→ WHAT IS REQUIRED: Word for word, restate the listing that follows and leave out the images.
━━ EXCERPTED DATA ━━
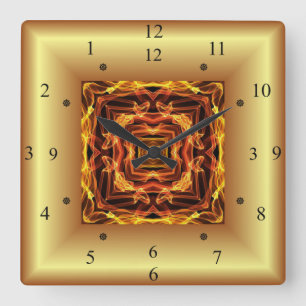 Relógio Quadrado Fire Maze ~ Time Machine ~ Out Of The Crucible ~ 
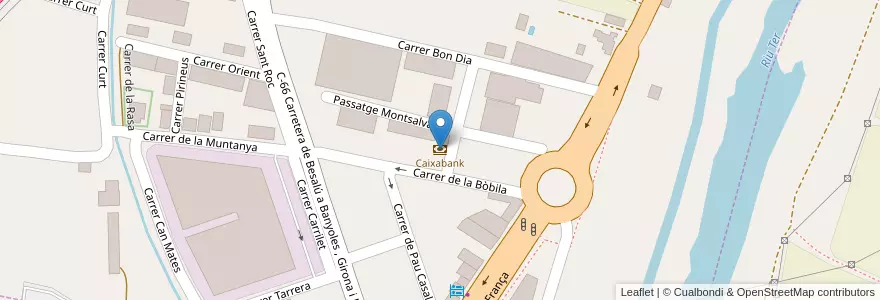Mapa de ubicacion de Caixabank en Spagna, Catalunya, Girona, Gironès.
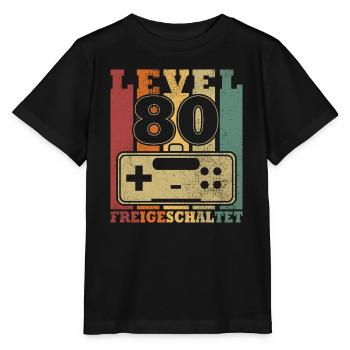 Level 80 Freigeschaltet - Stanley/Stella Kinder T-Shirt MINI CREATOR  - Schwarz - Vorne - Mikhail (115cm)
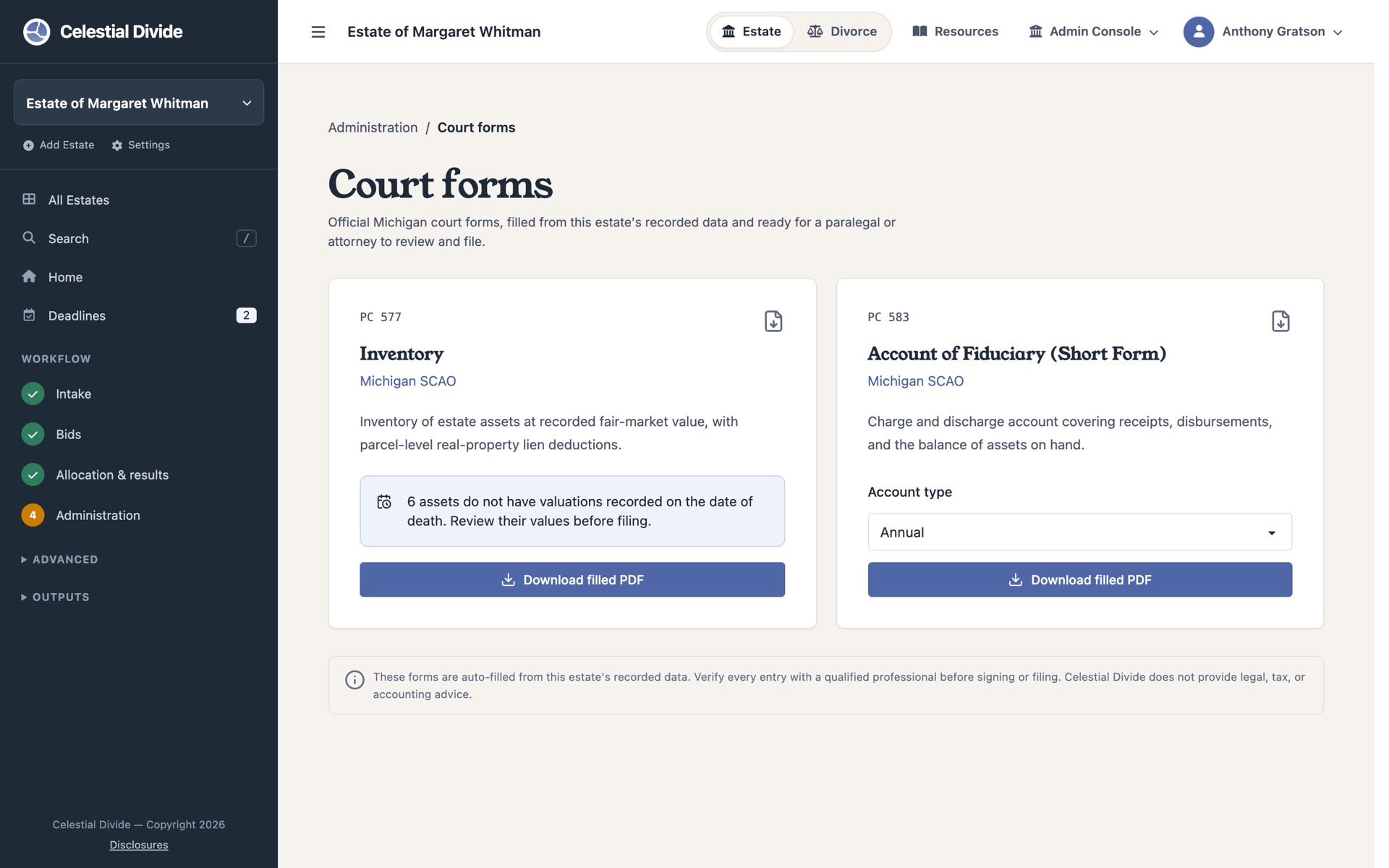 The Court forms page with cards for the Michigan PC 577 Inventory and PC 583 Account of Fiduciary, each with a Download filled PDF button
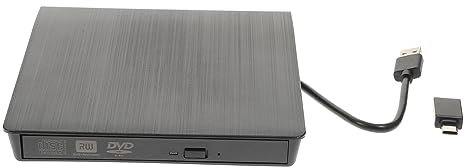 jojofuny Lecteur Optique Externe Graveur De CD DVD RW Enregistreur sans Adaptateur avec Bouton Pop-up Noir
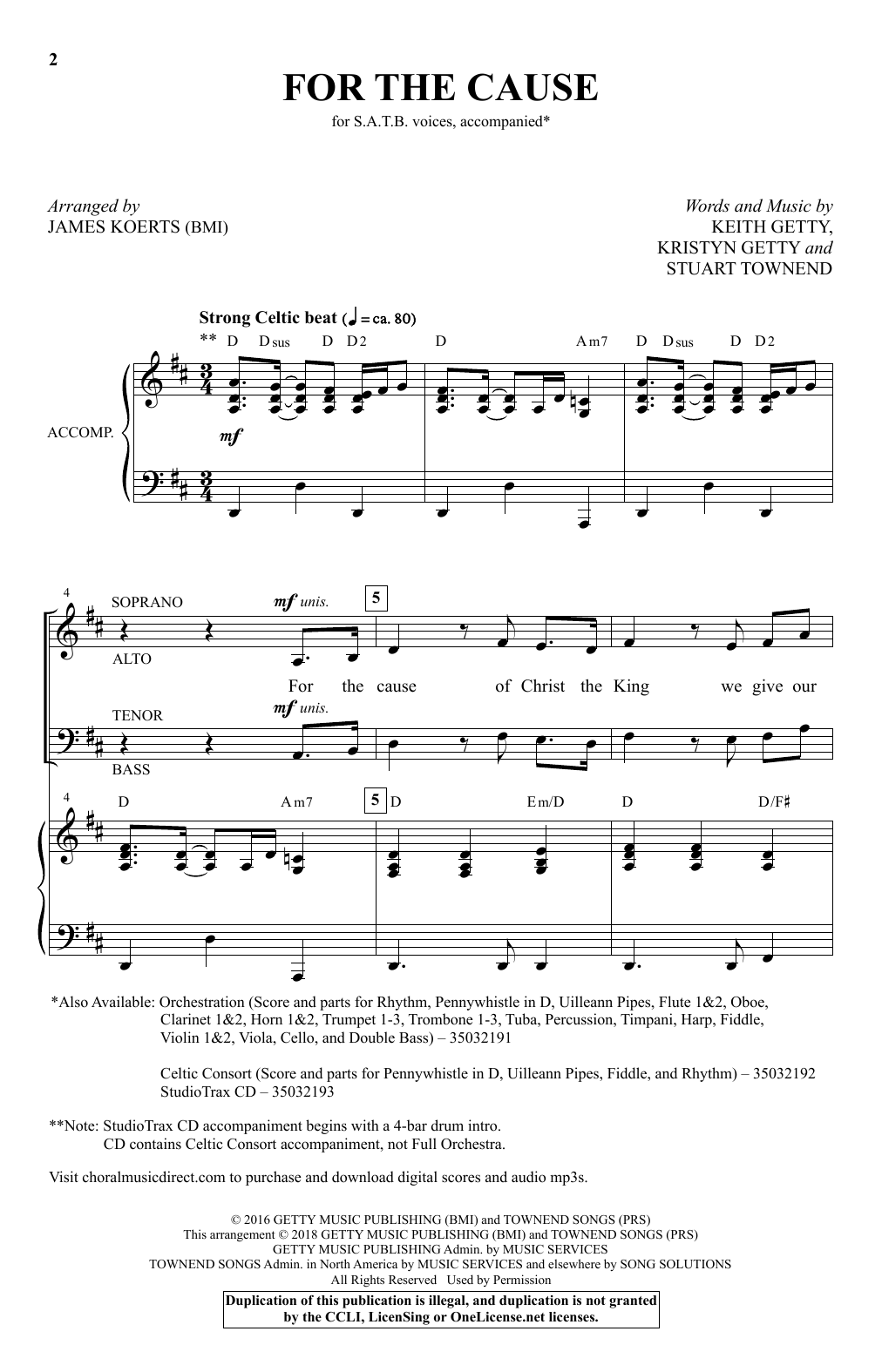 For the Cause (arr. James Koerts) (SATB Choir) von Keith and Kristyn Getty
━━━
→ RESPONSE:
 Relógio Quadrado Fire Maze ~ Time Machine ~ Out Of The Crucible ~ 
Mapa de ubicacion de Caixabank en Spagna, Catalunya, Girona, Gironès.
 Level 80 Freigeschaltet - Stanley/Stella Kinder T-Shirt MINI CREATOR  - Schwarz - Vorne - Mikhail (115cm)
 The Court forms page with cards for the Michigan PC 577 Inventory and PC 583 Account of Fiduciary, each with a Download filled PDF button
 jojofuny Lecteur Optique Externe Graveur De CD DVD RW Enregistreur sans Adaptateur avec Bouton Pop-up Noir
 For the Cause (arr. James Koerts) (SATB Choir) von Keith and Kristyn Getty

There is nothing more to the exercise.